Der Wert war Ausdruck klugen Gladbacher Spiels: Früh attackieren, mit eiskaltem Gemüt das Tor sichern und mit technisch auffällig versierten Akteuren selbst den Ball mit Tempo zirkulieren lassen, dass zeitweilig der FC Barcelona gestaunt hätte (und es auf dem Platz der hölzerne Mario Gomez sicher neidvoll tat).
120 Minuten hatte Borussia kein Tor zugelassen gegen die zuletzt so torgierige rote Walze aus München und selbst einige Riesengelegenheiten gehabt wie Marco Reus frei vor Manuel Neuer nach 85 Minuten.
Große Tempohatz
Es war eines der lautesten Fußballspiele der letzten Jahre, hitzig, prickelnd giftig, hoch emotionalisiert und zumindest 90 Minuten eine große Tempohatz. Tausendfache Entsetzensschreie ließen schon nach banalem Fehlpass den Borussen-Park erzittern, zehntausendfache gellende Pfiffe setzte es bei jedem Ballkontakt von Arjen Robben, höhnische Kollektiv-Schreie, wenn ein Münchner den Ball in der Not auf die Tribünen drosch, Jubelschreie, wenn es einer der eigenen Tat. Jubelsalven gab es, wenn dieser Tony Jantschke mal wieder Frank Ribery den Ball abluchste.
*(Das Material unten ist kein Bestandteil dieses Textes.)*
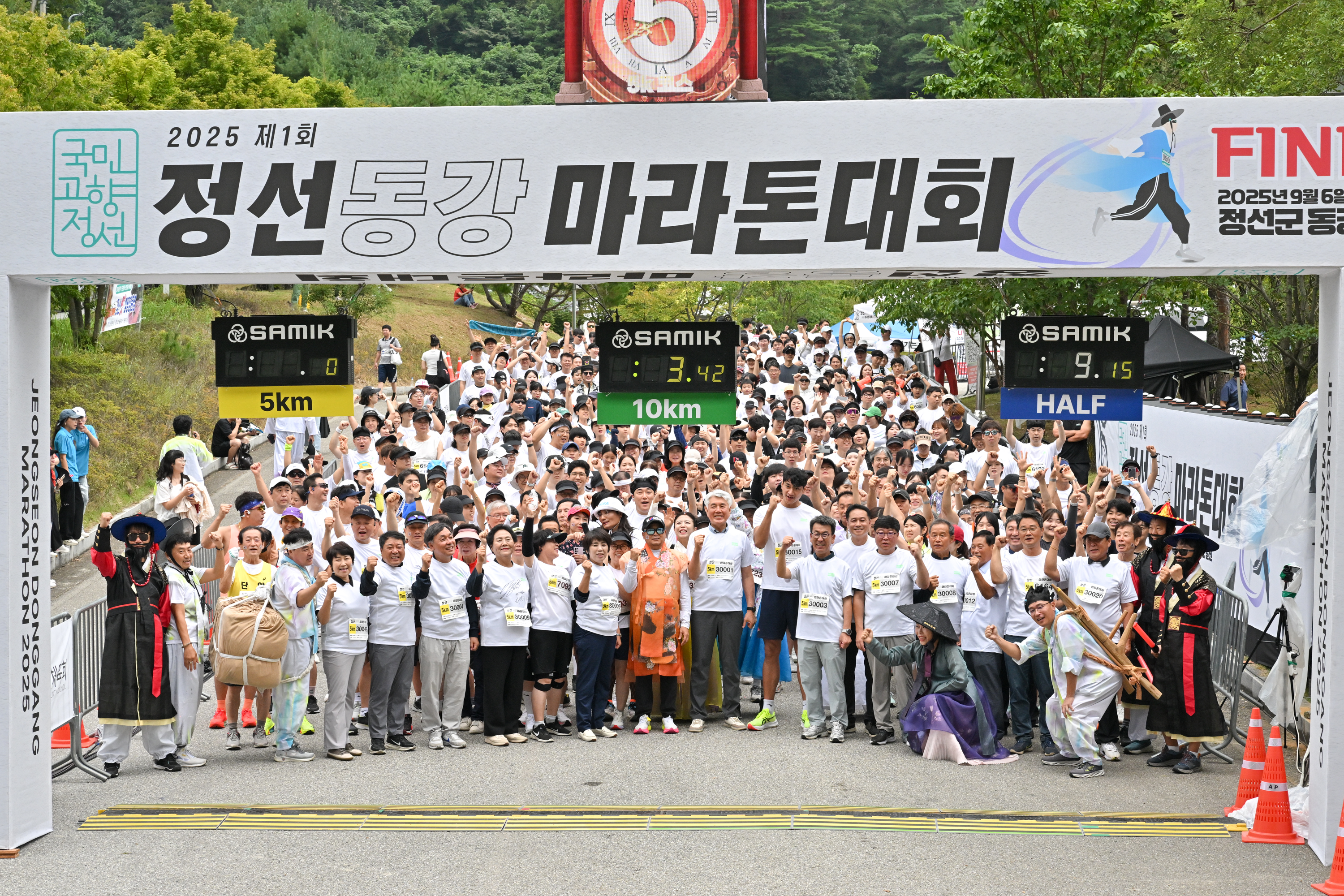 ‘전국 마라토너 4천 명 동강 달렸다’ 2025 정선 동강마라톤대회 성료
Zum eigenen Hauptakteur jubelten die Münchner Manuel Neuer hoch, „den Matchwinner heute“, so Trainer Jupp Heynckes. Beide Niederlagen gegen Gladbach in der Liga hatte ihr Torwart mit Patzern eingeleitet. Gladbachs Fankurve hatte ihn schon beim Warmschießen donnernd begrüßt „Die Nr. 1 im Tor haben wir.“
Marc ter Stegen fischte tatsächlich mehr aus den Ecken, aber den einen glücklich abgeblockten Elfmeter, den hatte Neuer (den zudem letzten gegen Nordtveit). Kollege Thomas Müller bescheinigte ihm deshalb, „den Gladbach-Fluch eindrucksvoll überwunden“ zu haben.
Neuers Egokratzer
Das war bayerntypisch eine Nummer zu groß, zeigt aber, wie sehr die Fehler an Neuers Ego gekratzt haben müssen. Einigermaßen exklusivmeinte Uli Hoeneß, der Fight hätte „eigentlich den Chancen nach 6:2 für uns ausgehen müssen“. Da möchte man dem deutschen (und womöglich weltweiten) Rekordhalter Hoeneß zu seiner Erfolgsvita mit Fakten gratulieren: Es wird seine 14. Finalteilnahme sein.
Elf Mal hat er gewonnen (einmal als Spieler, neun Mal als Manager, ein Mal als Präsident). Nur Bayer Uerdingen 1985 bei der Berlin-Premiere und Werder Bremen 1999 schafften, wovon Borussia Dortmund jetzt träumt. Die spielen immerhin ohne jeden Dante.